Deux hommes sont arrivés, précédés par la musique serpentine d’une clarinette tzigane frénétique, émise par un appareil hi-fi de la forme exacte d’une canette de bière. Ils titubaient dangereusement, menaçant à tout instant de renverser la bouteille de côtes-du-Rhône premier prix qu’ils s’échangeaient en parlant fort et en appelant une troisième personne apparemment située sur la plate-forme d’entresol, qui ne semblait pas vouloir suivre ses compères : « Oh Malou ! Malou ! ». L’un s’est assis sur une place libre à côté d’une femme d’une cinquantaine d’années. Elle est restée stoïque un temps alors son voisin a commencé à lui donner des coups de hanche et d’épaule faussement maladroits pour la pousser à laisser la place à son camarade. Elle a fini par céder, l’homme parlait fort, sentait fort et avait les gestes franchement brutaux de quelqu’un qui, sous l’effet de l’alcool, ne sent plus sa force. Je ne sais pas quelle langue parlaient les deux types, ce n’était pas du croate, ni du serbe ni du russe, mais j’ai reconnu suffisamment de mots pour être certain que c’était une langue des Balkans, peut-être du macédonien, peut-être du bulgare, peut-être un dialecte romani balkanique, je ne saurais dire. Je redoutais à chaque instant que le type le plus proche me tombe dessus ou m’asperge de son mauvais vin, mais je n’ai pas bougé, trop content d’être assis, et puis il ne restait plus qu’un arrêt. Enfin presque car le train a à nouveau refusé de quitter son escale, restant interminablement à quai. Deux dames ont chuchoté qu’elles n’avaient vraiment pas de chance, que c’est de pire en pire. J’ignore si elles parlaient du train ou des deux bruyants passagers.

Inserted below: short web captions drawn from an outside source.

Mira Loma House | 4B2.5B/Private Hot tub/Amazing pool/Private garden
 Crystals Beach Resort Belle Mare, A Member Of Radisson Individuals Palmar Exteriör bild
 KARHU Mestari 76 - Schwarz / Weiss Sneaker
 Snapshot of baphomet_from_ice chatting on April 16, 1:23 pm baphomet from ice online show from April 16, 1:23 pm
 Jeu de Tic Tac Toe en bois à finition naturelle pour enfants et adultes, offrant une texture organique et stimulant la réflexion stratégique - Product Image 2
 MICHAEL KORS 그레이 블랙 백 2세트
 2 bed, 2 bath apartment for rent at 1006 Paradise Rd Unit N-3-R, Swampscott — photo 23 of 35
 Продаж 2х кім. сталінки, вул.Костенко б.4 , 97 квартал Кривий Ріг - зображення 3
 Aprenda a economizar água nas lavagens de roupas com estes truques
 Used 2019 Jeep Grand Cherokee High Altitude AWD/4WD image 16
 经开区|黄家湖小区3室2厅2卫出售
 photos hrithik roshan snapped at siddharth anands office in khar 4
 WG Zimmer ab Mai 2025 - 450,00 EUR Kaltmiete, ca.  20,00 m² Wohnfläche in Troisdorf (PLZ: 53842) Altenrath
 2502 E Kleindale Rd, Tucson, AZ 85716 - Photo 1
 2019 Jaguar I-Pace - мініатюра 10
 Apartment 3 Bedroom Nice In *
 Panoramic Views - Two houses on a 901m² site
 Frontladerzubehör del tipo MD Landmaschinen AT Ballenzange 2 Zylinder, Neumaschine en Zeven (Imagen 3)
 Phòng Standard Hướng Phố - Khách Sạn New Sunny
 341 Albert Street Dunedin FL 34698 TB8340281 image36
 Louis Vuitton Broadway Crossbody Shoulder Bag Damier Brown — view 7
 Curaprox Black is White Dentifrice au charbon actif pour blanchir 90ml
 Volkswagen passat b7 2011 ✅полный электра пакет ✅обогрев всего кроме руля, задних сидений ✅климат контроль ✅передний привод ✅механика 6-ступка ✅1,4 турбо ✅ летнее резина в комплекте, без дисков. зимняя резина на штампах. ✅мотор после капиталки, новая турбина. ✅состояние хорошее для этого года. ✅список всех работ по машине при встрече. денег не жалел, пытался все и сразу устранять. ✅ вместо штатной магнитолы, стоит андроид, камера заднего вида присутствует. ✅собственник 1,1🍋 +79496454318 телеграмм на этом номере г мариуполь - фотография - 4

En face d’eux se trouvait un homme visiblement originaire d’Afrique subsaharienne qui tenait sa fille endormie sur ses genoux. Il avait une coupe de cheveux flattop, comme Grace Jones ou les musiciens funk des années 1980 — ça revient à la mode. Un des deux soûlards s’est aperçu que l’enfant dormait et a décidé de couper sa musique, tentant de communique avec le père, en faisant des mimiques et des gestes évoquant le sommeil de l’enfant : « bébé… ah bébé… shhhh… bébé ! ». Et puis il a tenté d’évoquer sa propre situation familiale en se touchant la poitrine : « bébé ! Bébé !… Handicapé ! ». Pas très clair. Il a à nouveau tenté de faire venir la mystérieuse personne sur la plate-forme : « O Malou ! Malou O ! ». Ensuite il s’est fait beaucoup rire en disant à son voisin d’en face qu’il était italien : « toi, Italien ! », puis en le pointant du doigt en disant régulièrement à son camarade de beuverie : « négrou… négrou ». Cette fois, pas très difficile de comprendre le mot, j’espère juste qu’il est moins insultant dans le pays d’où viennent ces deux hommes qu’il ne l’est en France.
Mon train est arrivé. En montant sur l’entresol — c’était un train à deux étages — j’ai tenté de comprendre qui pouvait être le ou la personne nommée Malou, mais je ne l’ai pas vue.

Ça c’est un jour normal sur la ligne Paris-Pontoise. Il paraît que des grèves son programmées jusqu’à l’été, on va moins rigoler.